Exercise brief ▸ Give back all of the data exactly as it stands, with the pictures removed.

Dataset excerpt ▸
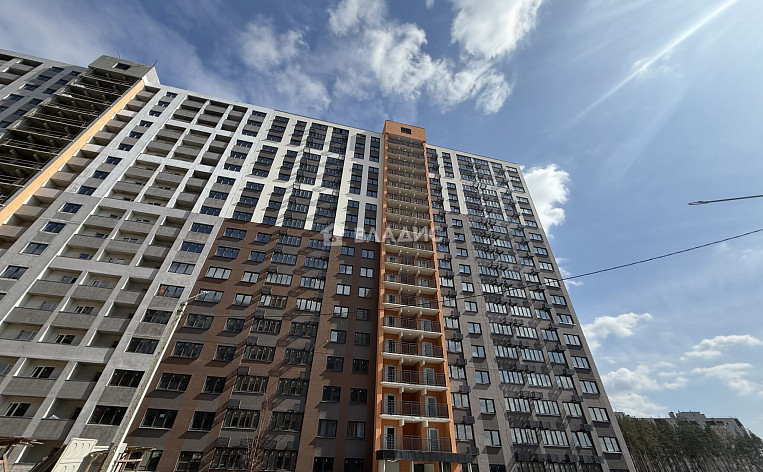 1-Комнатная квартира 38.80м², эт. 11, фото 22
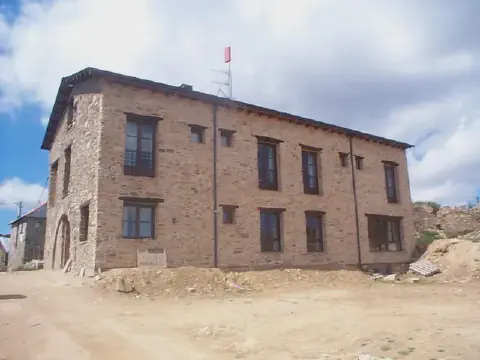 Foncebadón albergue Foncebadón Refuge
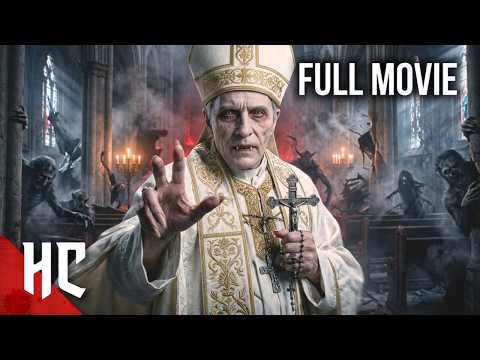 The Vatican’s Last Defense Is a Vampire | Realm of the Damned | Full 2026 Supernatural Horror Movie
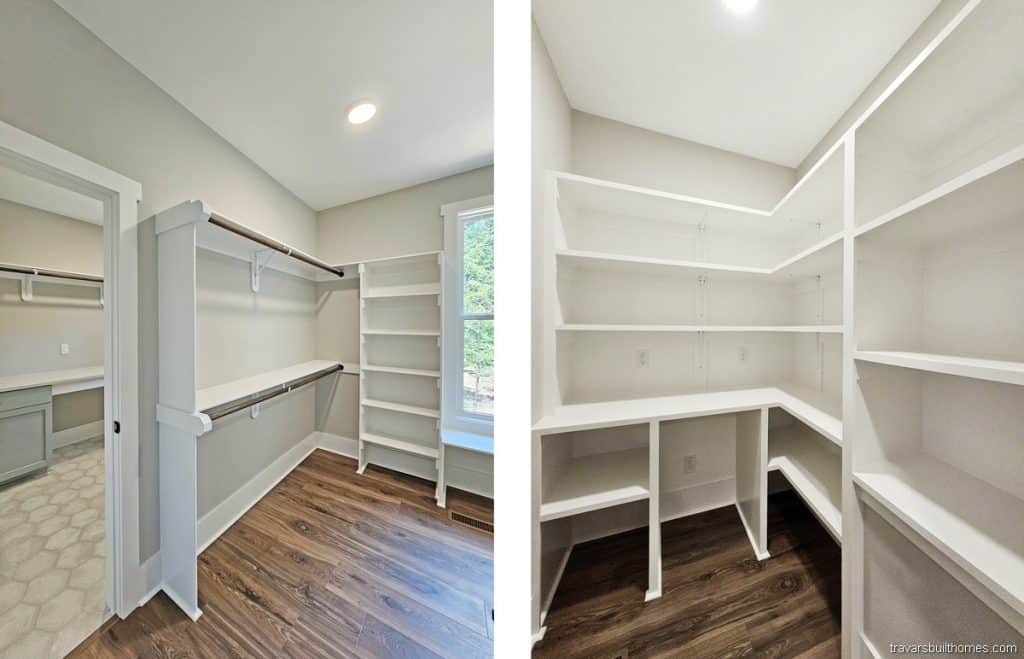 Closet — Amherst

Exercise output ▸
 1-Комнатная квартира 38.80м², эт. 11, фото 22
 Foncebadón albergue Foncebadón Refuge
 The Vatican’s Last Defense Is a Vampire | Realm of the Damned | Full 2026 Supernatural Horror Movie
 Closet — Amherst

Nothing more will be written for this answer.